Me Epstein et Me Chouai ont, tous les deux, produit quatre jugements rendus par les juridictions françaises remettant sur la sellette la qualité de l’expert ayant rendu le rapport d’audit sur lequel l’ancien Dg de la Crtv a été inculpé. Ces deux conseils sont donc venus renforcer l’équipe de défense constituée de Me Alice Nkom et Me Antoine Pondi Pondi. A. Vamoulké comparaissait dans le cadre de la 2ème affaire. Il avait été inculpé sur la base d’un rapport d’audit que Charles Ndongo, l’actuel patron de l’Office radiodiffusion nationale, avait commandé pour auditer sur la gestion de son prédécesseur.

Le prévenu n’a finalement pas été auditionné par ses avocats.

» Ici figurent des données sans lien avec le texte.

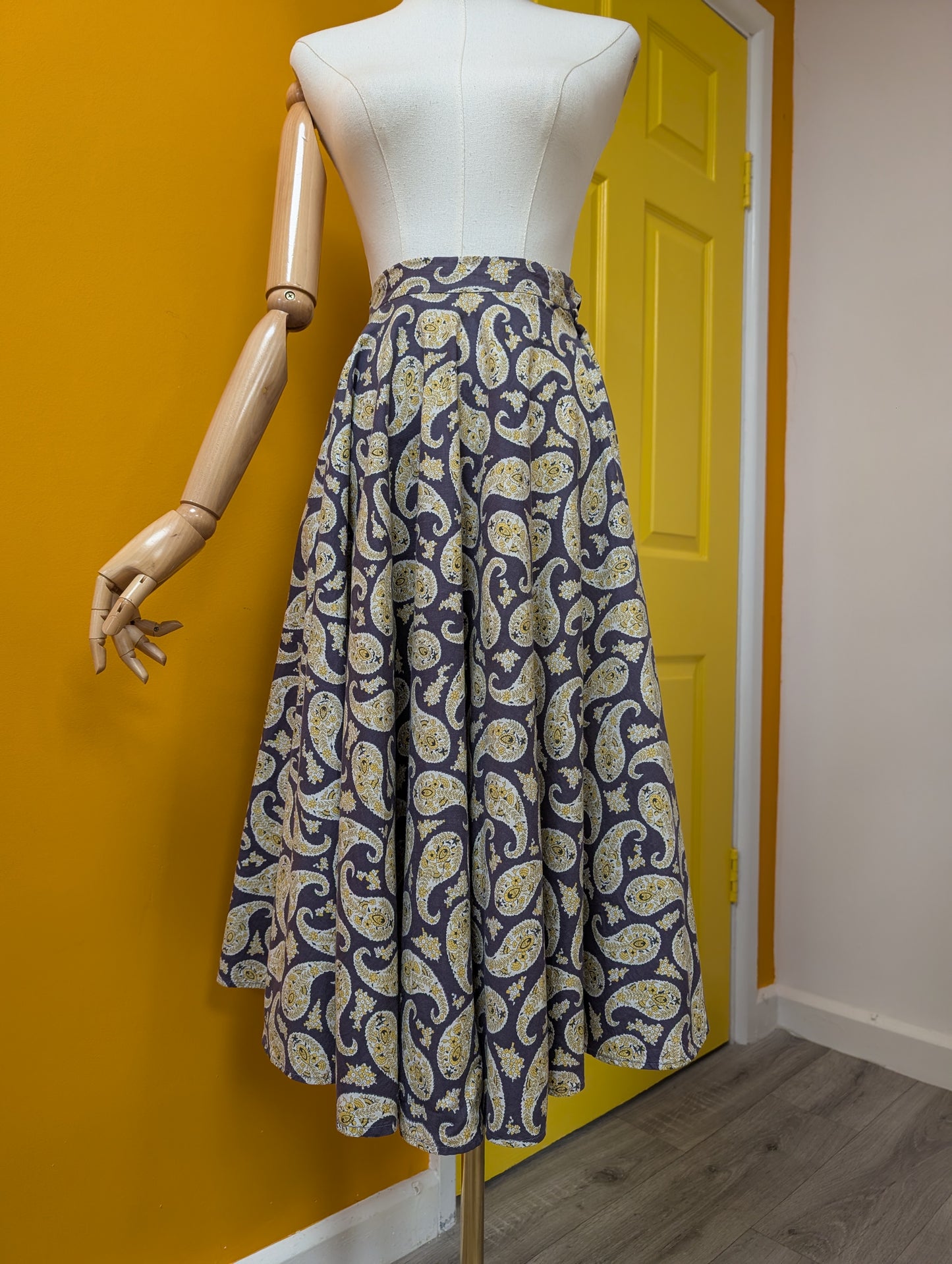 1950s St Michael paisley cotton full circle skirt - 23" waist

Jointe au téléphone, Me Alice Nkom explique que l’audience d’hier a été marquée par un temps fort, celui relatif au fait que les confrères de Paris ont apporté les pièces rares et, de surcroît, quatre jugements rendus par les tribunaux français contre l’expert désigné par la Crtv pour auditer sur la gestion de l’entreprise sous l’ère A. Vamoulké(2005-2016).

L’expert non-assermenté désigné par la Crtv avait été interdit d’exercer en France. Ce rapport d’audit est la seule pièce utilisée par l’accusation pour inculper l’ancien patron de la Crtv dans le cadre de la 2ème affaire. Ces quatre jugements ont, d’ailleurs, été déposés depuis le 19 mai 2021 chez le président du Tribunal de première instance du centre administratif du Mfoundi pour authentification. Le conseil attend que le juge se prononce à ce sujet.

Rappelons que Vamoulké est poursuivi pour coaction de détournements des deniers publics(redevances audiovisuelles) de près de 4 millards de Fcfa. Plusieurs organisations de défense des droits de l’homme, à l’instar du Réseau de défense des droits humains en Afrique centrale(Redhac), Reporters sans frontières, du Comité international pour la réhabilitation et la libération de A. Vamoulké exigent sa libération et décrient un « harcèlement judiciaire », lequel remonte à presque cinq ans.